Everything Running Through Your Head … It’s All Normal

It’s all normal. Everything that runs through your head is normal.

Let me start this out by saying that I have that disorder where my hand flies up every single time anyone asks for a volunteer, favor, pot of food, carpool help, babysitter, a million dollars, etc…

I was asked if I would be interested in writing a guest post for a website. My first thought was, “Ok, cool! A bunch of funny and smart moms talking in a non-judgement zone, IN!” I asked what the requirements were and get tunnel vision when it says 400 words minimum. Flash back to high school when I didn’t read the required book and had to fill 90% of my story with “filler” words … and then I realize that I don’t even really know what 400 words look like. Is it one good paragraph? Is it 4 pages of double spaced college rule loose leaf? Do I need an MLA heading? This is a bit overwhelming since I’m used to a two sentence max status update on Facebook, but I figure I’ll just note my day as it goes and add whatever “filler” words are needed later on (BOOM 150 words on the intro – 250 left) …

Oh, before my day starts, quick question. My husband does laundry, like all of it all the time. Yes, that’s amazing, but trust me, I do a lot of things around the house that aren’t normally handled by the typical hot wife. Anyway, he has no idea how much some of my workout clothes cost. He either saves them in one of my kids closets (I have 5 kids so it’s not that time efficient to check every single place in every single closet), or forgets where he saved them, or saves them in the wrong place in my closet. I can NEVER find anything. Should I tell him how much some of this stuff costs so he pays more attention, or do I leave him clueless as to how much I spend on yoga pants?

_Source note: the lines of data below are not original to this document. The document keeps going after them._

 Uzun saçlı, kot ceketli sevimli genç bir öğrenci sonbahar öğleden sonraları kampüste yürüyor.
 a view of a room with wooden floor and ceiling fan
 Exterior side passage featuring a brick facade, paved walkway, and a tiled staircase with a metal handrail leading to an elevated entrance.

Ok, just starting this post after I got off of work. My oldest daughter has a make-up soccer game for school and it is freezing outside. One of the moms is working the gate and it is $5/adult and $1/student to get into the game. I asked a group of moms if this works the same way as The Keg did where if you go early enough you get in free. I also already told them not to check my Starbucks cup because it would not be tea in there. Anyway, after a few responses I tell them that, “I’m trying to make $1.00 out of $0.15,” (throwback reference to Master P). Now that I have driven to the wrong field in the wrong city, I really should be asking if there is a discount given for not getting there on time and / or not attending the whole game. While still in route to the game, I asked my daughters (10 and 11 years old) if they thought I could get in as a student since I was wearing one of their school hoodie sweatshirts, then asked them what song I should be rapping to as I walk in to make it believable, and also asked if they still listen to Young Jeezy (I have no idea who that is, but I remember the name and it sounded hip and cool at the time). My 10 year old responded, “You’re so weird. That’s probably some rapper from the ’90s.” I was so proud that I even knew the name Young Jeezy and she burned me. Bad.

Sometimes I can’t wait until they start driving.

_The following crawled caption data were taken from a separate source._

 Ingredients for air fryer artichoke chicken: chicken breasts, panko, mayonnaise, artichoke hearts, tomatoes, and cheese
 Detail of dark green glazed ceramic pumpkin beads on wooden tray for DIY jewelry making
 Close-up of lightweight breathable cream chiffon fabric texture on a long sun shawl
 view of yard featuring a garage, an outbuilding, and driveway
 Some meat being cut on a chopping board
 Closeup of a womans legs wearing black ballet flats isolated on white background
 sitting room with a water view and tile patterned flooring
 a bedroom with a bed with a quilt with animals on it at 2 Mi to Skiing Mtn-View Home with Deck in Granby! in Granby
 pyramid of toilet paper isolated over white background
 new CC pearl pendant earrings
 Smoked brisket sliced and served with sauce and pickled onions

Got to go freeze my tush off at this game and apparently pay full price …. while setting reminders in my phone to schedule a touch up color for my roots and a Botox refresher.

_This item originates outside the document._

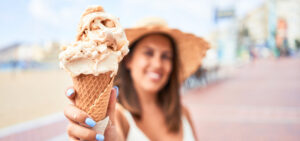Woman smiling enjoying an ice cream cone outdoors while wearing braces.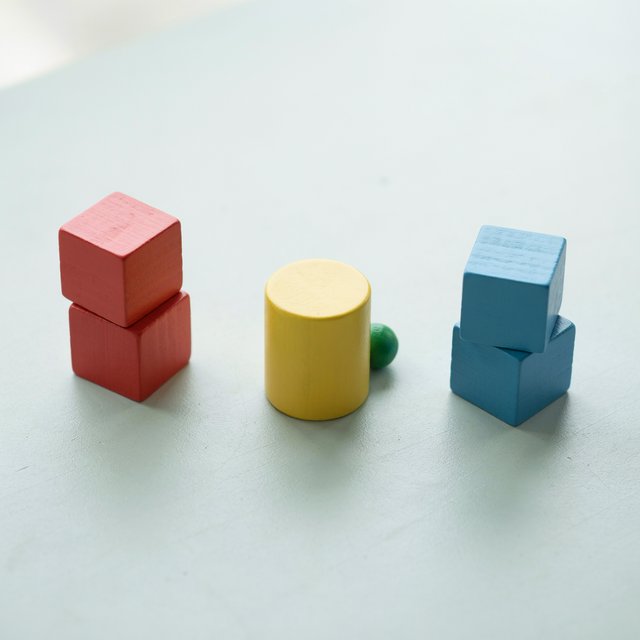 Exactly five wooden toy blocks sit on a pale gray table: two red cubes on the left, one yellow cylinder in the center, and two blue cubes on the right. A small green ball sits behind the cylinder, nothing else. — Ideogram v4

Until next entry where I can elaborate on, “Is it alive? Don’t tell mom!” remember …

It’s all normal.

About Michelle 

Michelle is a Lafayette native and graduate from ULL where she received her degree in Accounting. She is married to Chuck Melchior and they live in Youngsville where they raise their 5 children. When Michelle isn’t working at her regular full-time job, she can be found doing one of her extra side-gigs: room mom, soccer mom, volleyball mom, gymnastics chauffeur, tumbling chauffeur, tee ball mom, ninja karate mom, catechism mom, play practice carpool expert, Google master of learning how to solve a math problem using 4 different common core equations & how to dissect a sentence while not spilling a drop of wine, and cooking delicious food that her children rarely appreciate. Due to her excessive amount of children, she has adopted the Darwinism theory around her house where her children learn to tough it out because only the strong survive!